Is any reader out there surprised by that conclusion?  Maybe the Obamans think that hardening our defenses would be offensive to certain cultures that are equal in every way to ours, and also have nice music and costumes.

Mowatt-Larssen, a 23-year CIA veteran, led the agency's internal task force on al-Qaeda and weapons of mass destruction after the Sept. 11, 2001, terrorist attacks and later was named director of intelligence and counterintelligence for the Energy Department. His report warns that bin Laden's threat to attack the West with weapons of mass destruction is not "empty rhetoric" but a top strategic goal for an organization that seeks the economic ruin of the United States and its allies to hasten the overthrow of pro-Western governments in the Islamic world.

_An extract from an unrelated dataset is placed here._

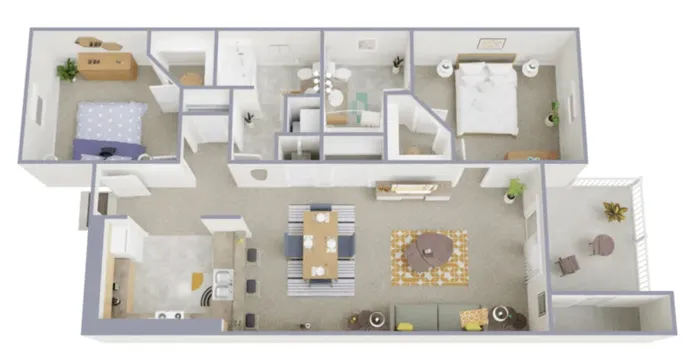 Contemporary floor plan featuring 2 bedrooms, open-concept living and dining area, modern kitchen, and a charming balcony.
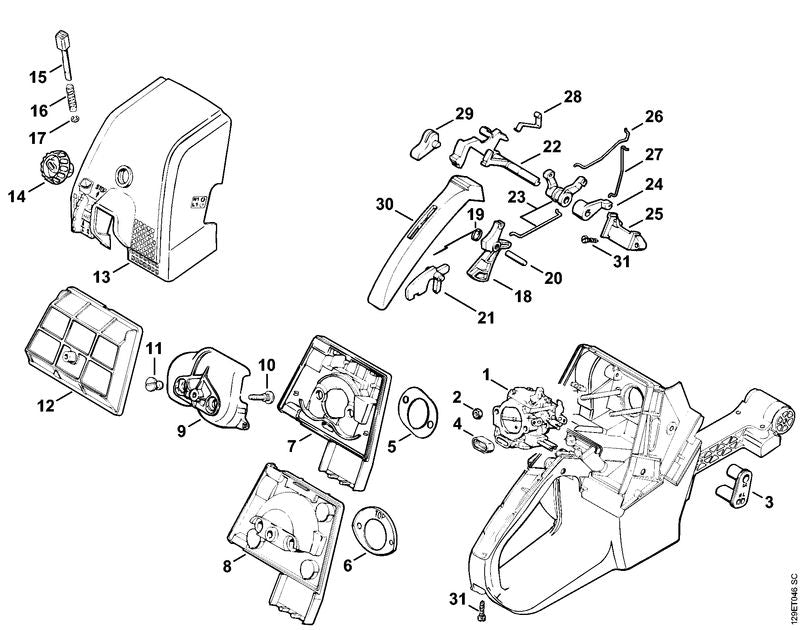 STIHL 1124-123-7500 Doorvoerrubber positie 3 technische tekening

He cites patterns in al-Qaeda's 15-year pursuit of weapons of mass destruction that reflect a deliberateness and sophistication in assembling the needed expertise and equipment.

COMMENT:  Another serious warning, coming at a time when Iran is working vigorously toward nuclear weapons.  It would be comparatively easy for Iran to pass some knowledge on to favored terrorist groups.

And yet, we treat captured terrorists like shoplifters, reading them their Miranda rights. 

There's an old saying that the Constitution is not a suicide pact.  Apparently, many members of the Obama administration didn't get the memo.